Caridad Cuervo’s first album, Caridad Cuervo Canta (Caridad Cuervo Sings), was released on Havana’s Panart label in 1958.
She was twelve years old.
The tween singer demonstrated her natural swing and precocious vocal command on tracks that include “La Rumba es Mejor” with Silvio Contreras’ band, and the guaracha “Tambo Africano,” with Afro-Cuban percussion group Yoyo Castellano y su Conjunto.
Read down to listen to a playlist of songs sung by Caridad Cuervo
An unexpected pleasure on this album is Cuervo’s bubbly version of American crooner Frankie Avalon’s “Venus,” performed to the rhythm of the cha-cha-chá.
Then, and throughout her career, Cuervo was compared to Celia Cruz.
Cuervo debuted at the age of six on “La Corte Suprema de Arte” (“The Supreme Court of Art”), the same radio talent show on which Cruz had frequently appeared when she was a teenager.
When Cuervo sang on that popular program on Havana’s CMQ station in 1952, she performed a schmaltzy ballad with a dramatic Afro beat called “Camino de Sahara,” which had been recorded by the Spanish singer Pepe Reyes with the Conjunto Luis Santi for Panart. A better version was by La Sonora Matancera, sung by Celia Cruz, released with the title “Zahara” on the Seeco label in 1952 - it must of been a hit in Havana right at the time that Cuervo sang it on the radio show.
Cuervo, whose voice belied her years, was quickly embraced as a novelty act. Some called her a Celia Cruz imitator, but she was best known as “la niña artista.” (“the little girl artist.”)
The similarity of Cuervo’s budding voice to Celia’s was so endearing to audiences that rumors began to circulate that Cuervo was in fact Celia’s secret love child, as recalled in an essay written by Henry Puente on the blog Nostalgia Cubana.
Cruz did act as something of a mentor to Cuervo, and the child singer had opportunities to perform with the glamorous Cruz and Sonora Mantancera on radio and television.

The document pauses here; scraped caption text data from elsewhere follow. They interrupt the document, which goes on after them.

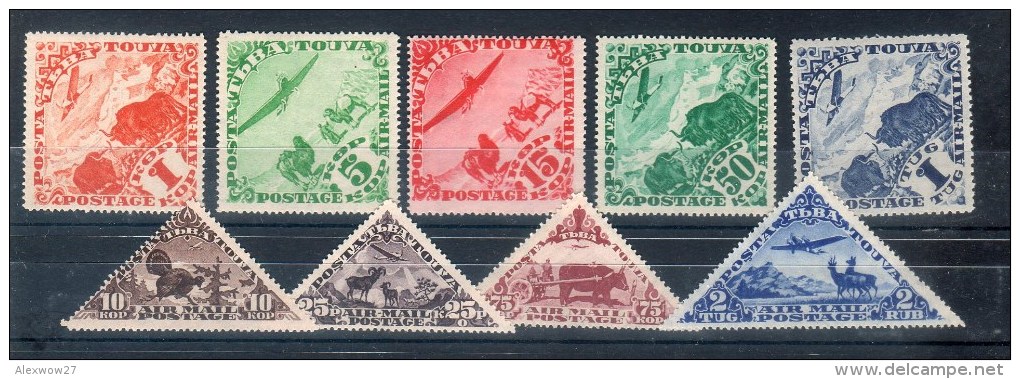 Russia / TOUVA 1934 -- Soggetti Vari  PA -- (Unif.A1/9) -- * MVLH/ **MNH - Toeva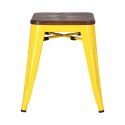 D2.DESIGN Stołek Paris Wood żółty sosna szczotkowa D2.DESIGN Stołek Paris Wood żółty sosna szczotkowa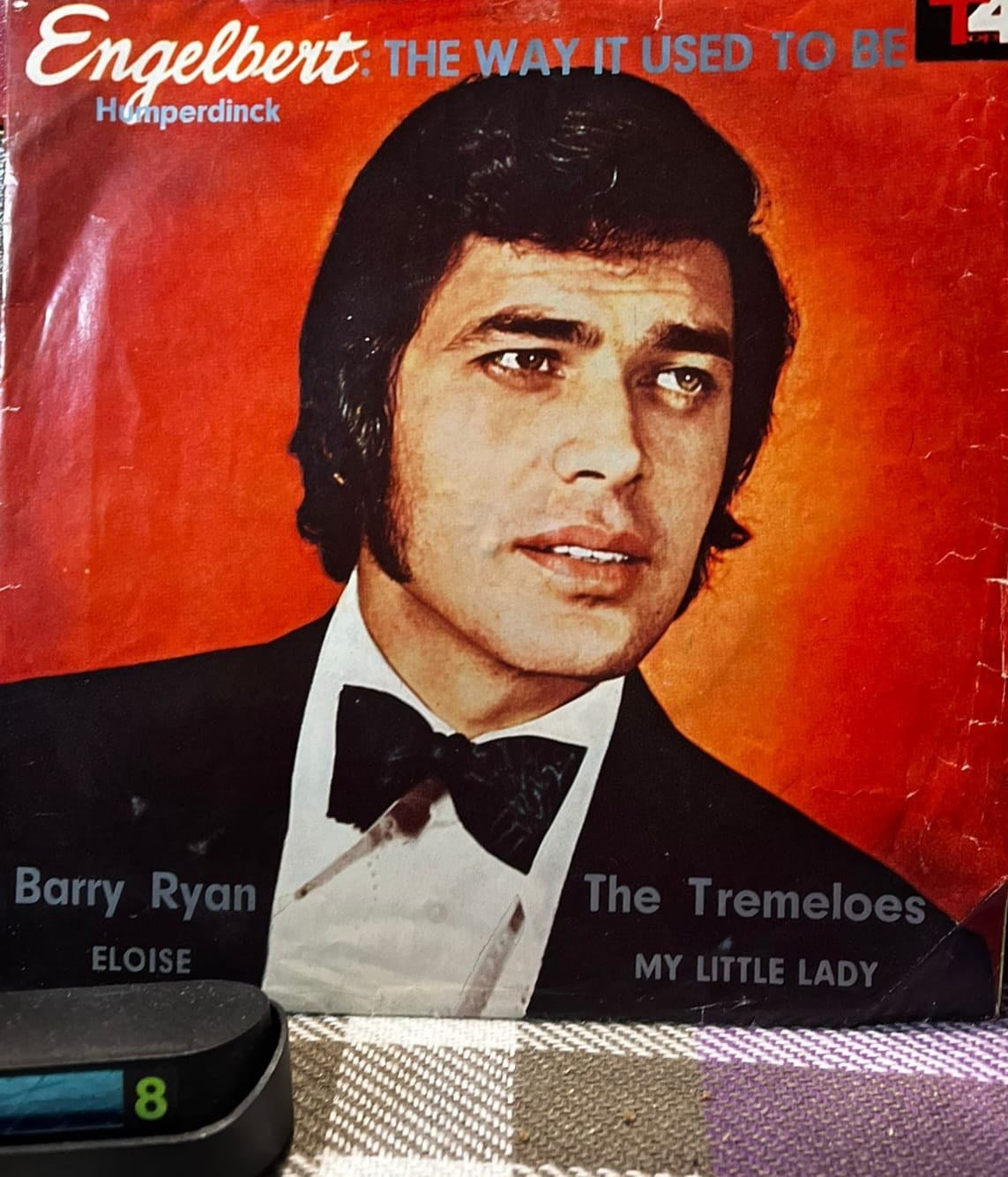 The Tremeloes / Engelbert Humperdinck / Barry Ryan / Joe South - Top 4 EP - EX 4258 İRAN BASKI (45'lik)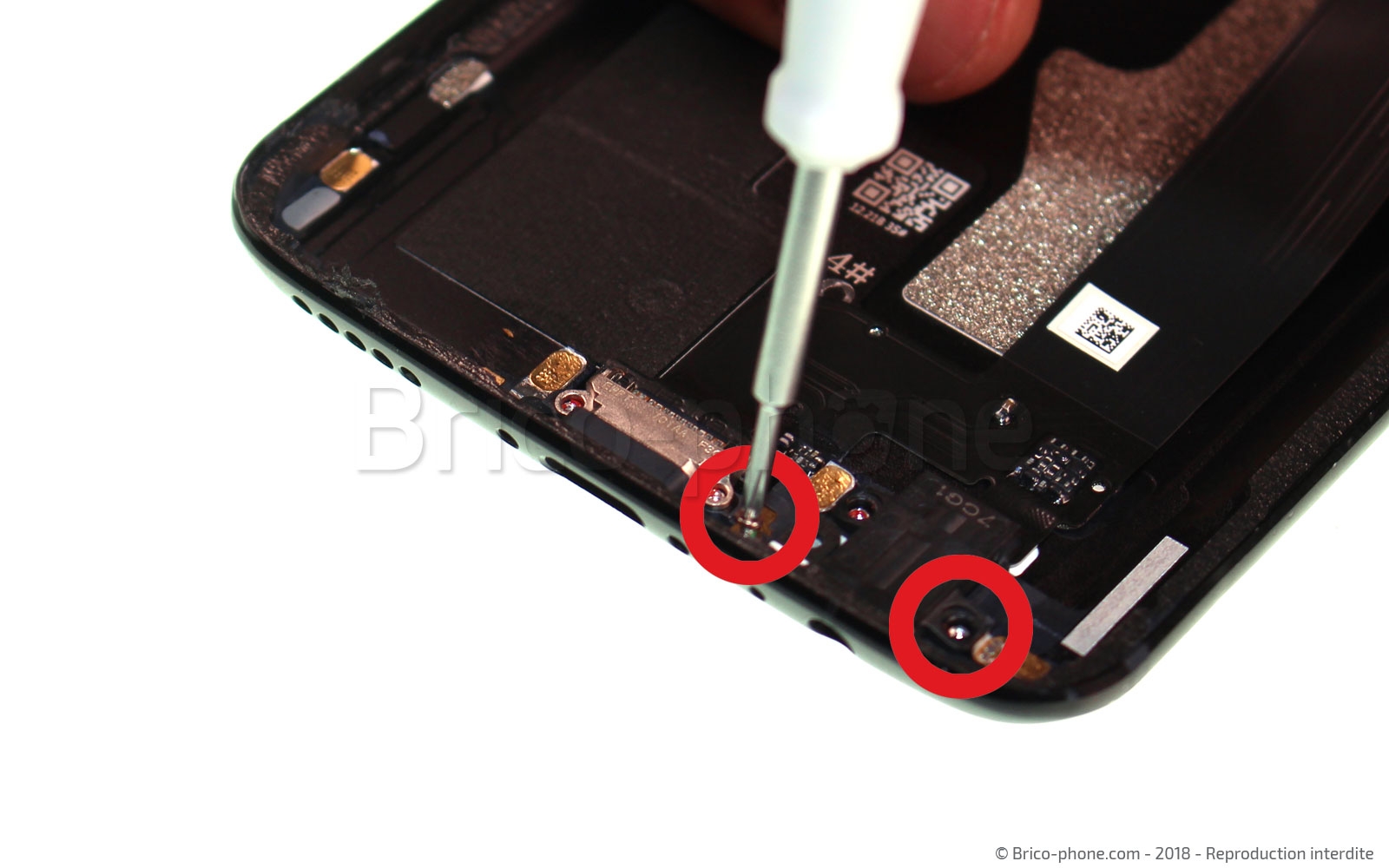 Changement du connecteur de charge et prise Jack sur OnePlus 5T photo 2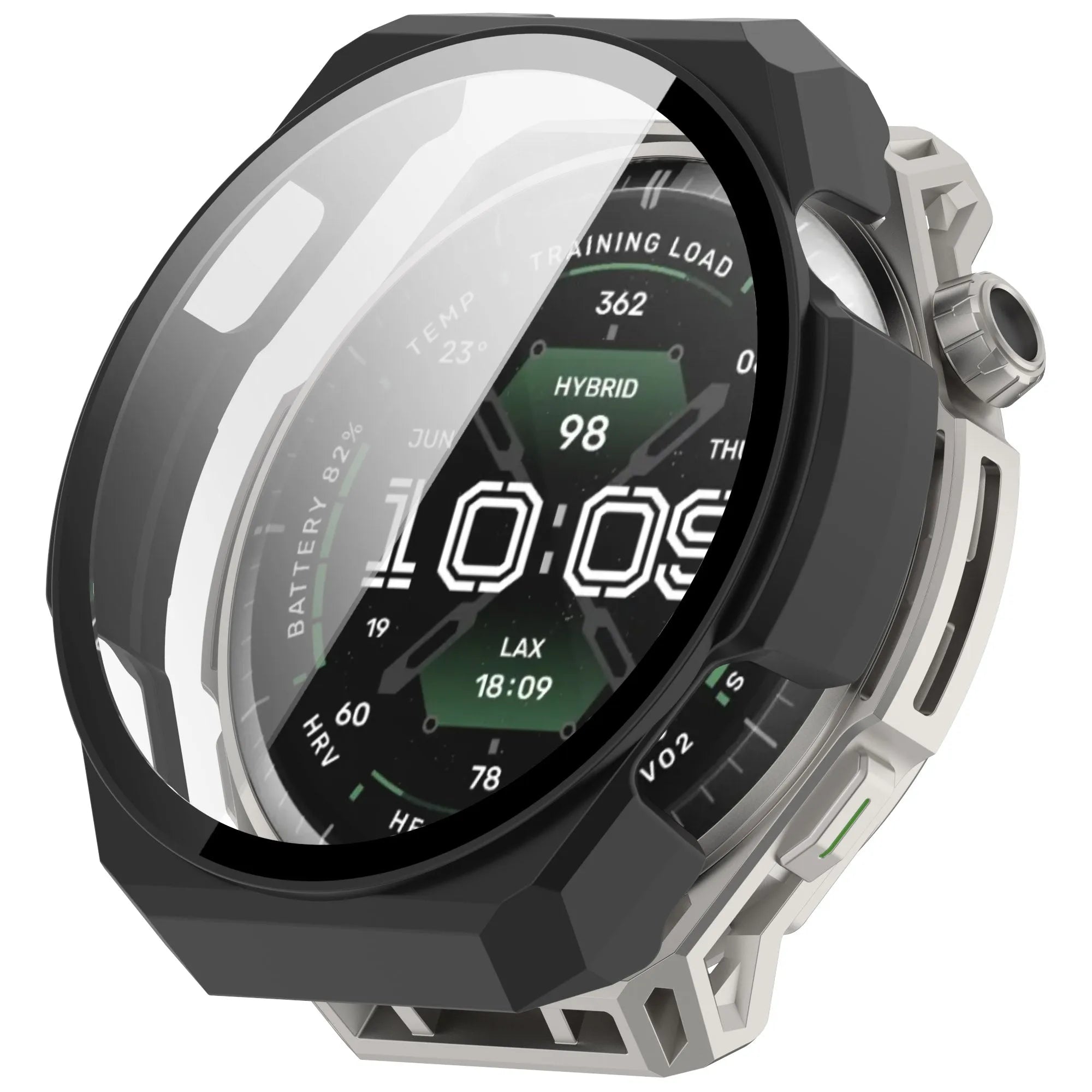 Amazfit Balance 3 PC Case with Glass (Black)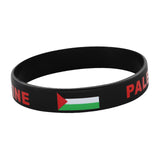 Palestine Wristband Palestinian Flag Bangle Sport Games Palestinian Bracelet Black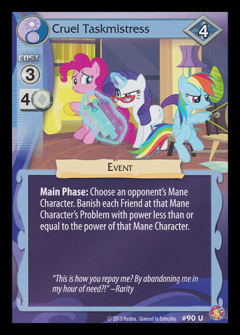Cruel Taskmistress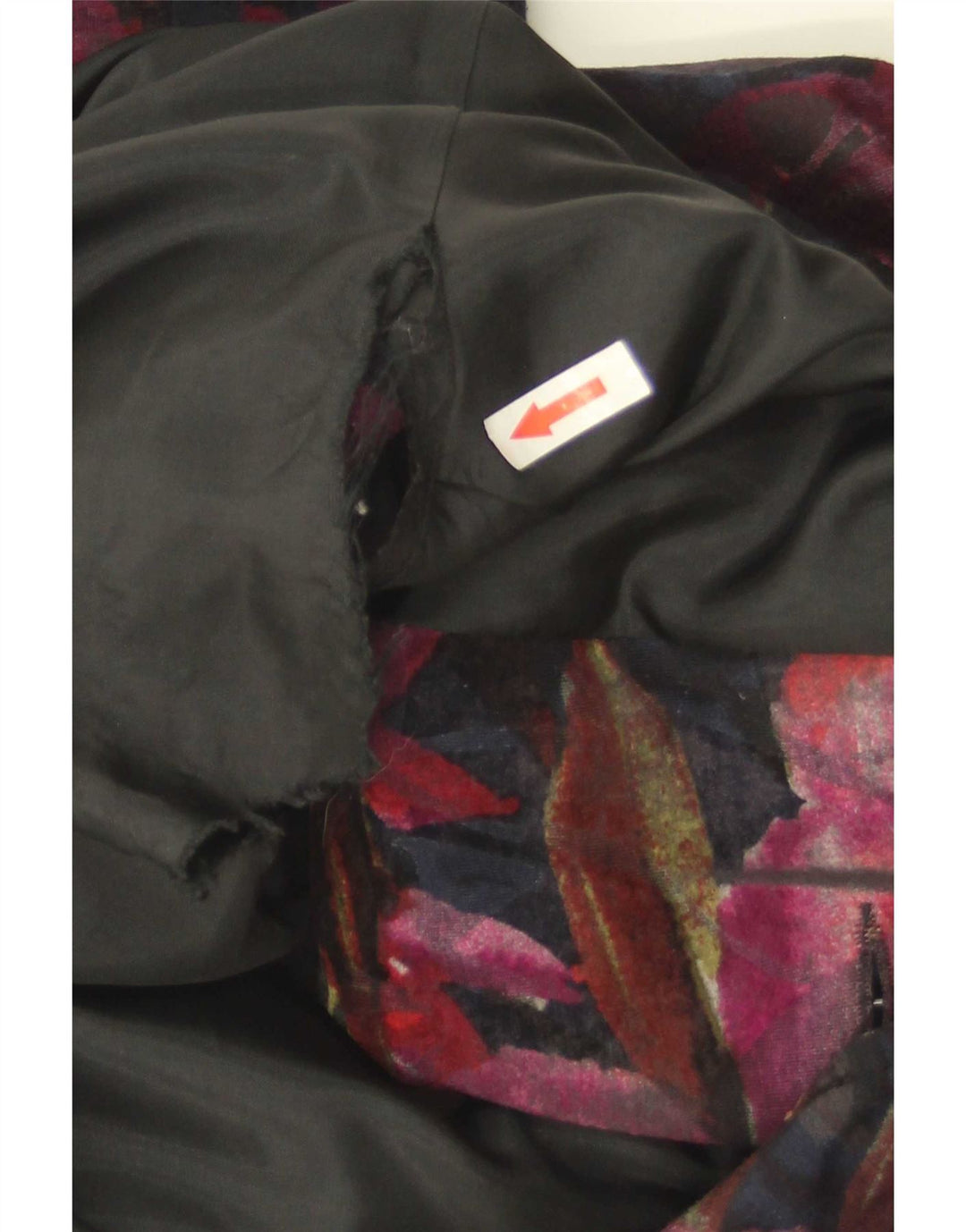 Vintage Dame 3 Button Blazer Jacket UK 10 Small Multicolored Floral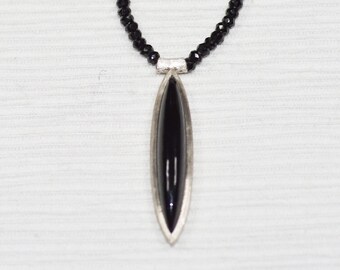 Onyx Kette mit Anhänger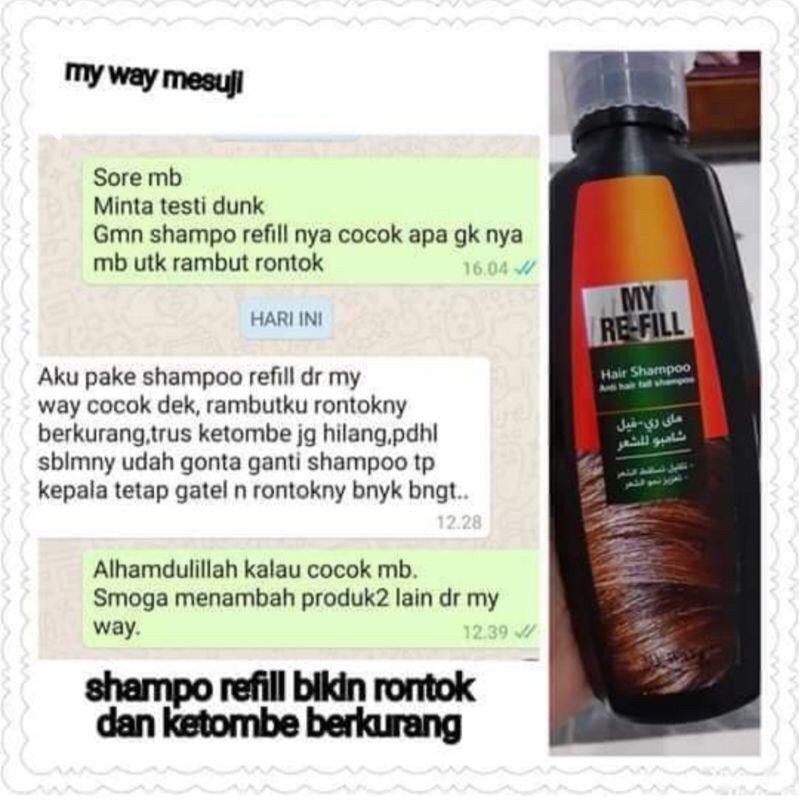 CL_ Sampo Anti Rontok My Way My Refill & Nature's Shampoo-2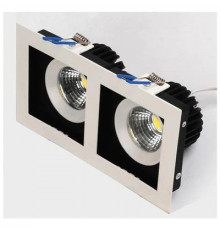 Светильник потолочный точечный прямоуг. LED 2х8W 6400K 742Lm (белый) / 220-240V / IP20 - HL6722L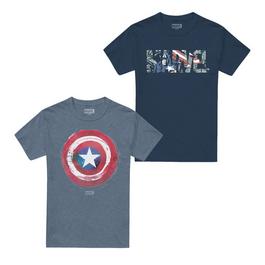 Marvel Comics T Shirts 2Pk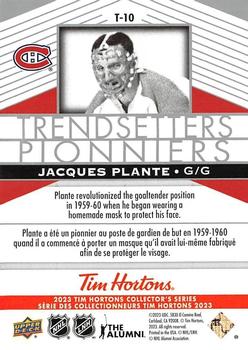 2023 Upper Deck Tim Hortons Legends - Trendsetters #T-10 Jacques Plante Back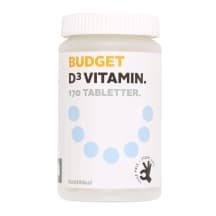 Maisto papildas vitaminas D3 BUDGET, 170 kap.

This recording on Youtube captures Cuervo singing on the radio with La Sonora Matancera:
Cuervo earned another nickname when at one point she was banned from working on TV because of her minor status. She was called “television’s prohibited voice.”
While Celia Cruz later went into exile, Cuervo, still just a teenager, remained in Havana. She released a second album in 1961 on the Cuban label Maype (which would afterward relocate to the United States). But the young singer seems to not have recorded a solo album again until her mature voice was captured on the album Caridad Cuervo with Conjunto Canay, which came out on the Cuban State record label EGREM in 1980.
One explanation, or perhaps a conspiracy theory, comes from Henry Puente in his post on the Nostalgia Cubana website. He writes that Cuervo was effectively blacklisted by the Cuban government for a time because of her similarities to Celia Cruz, who became a persona non grata in Cuba after she went into exile.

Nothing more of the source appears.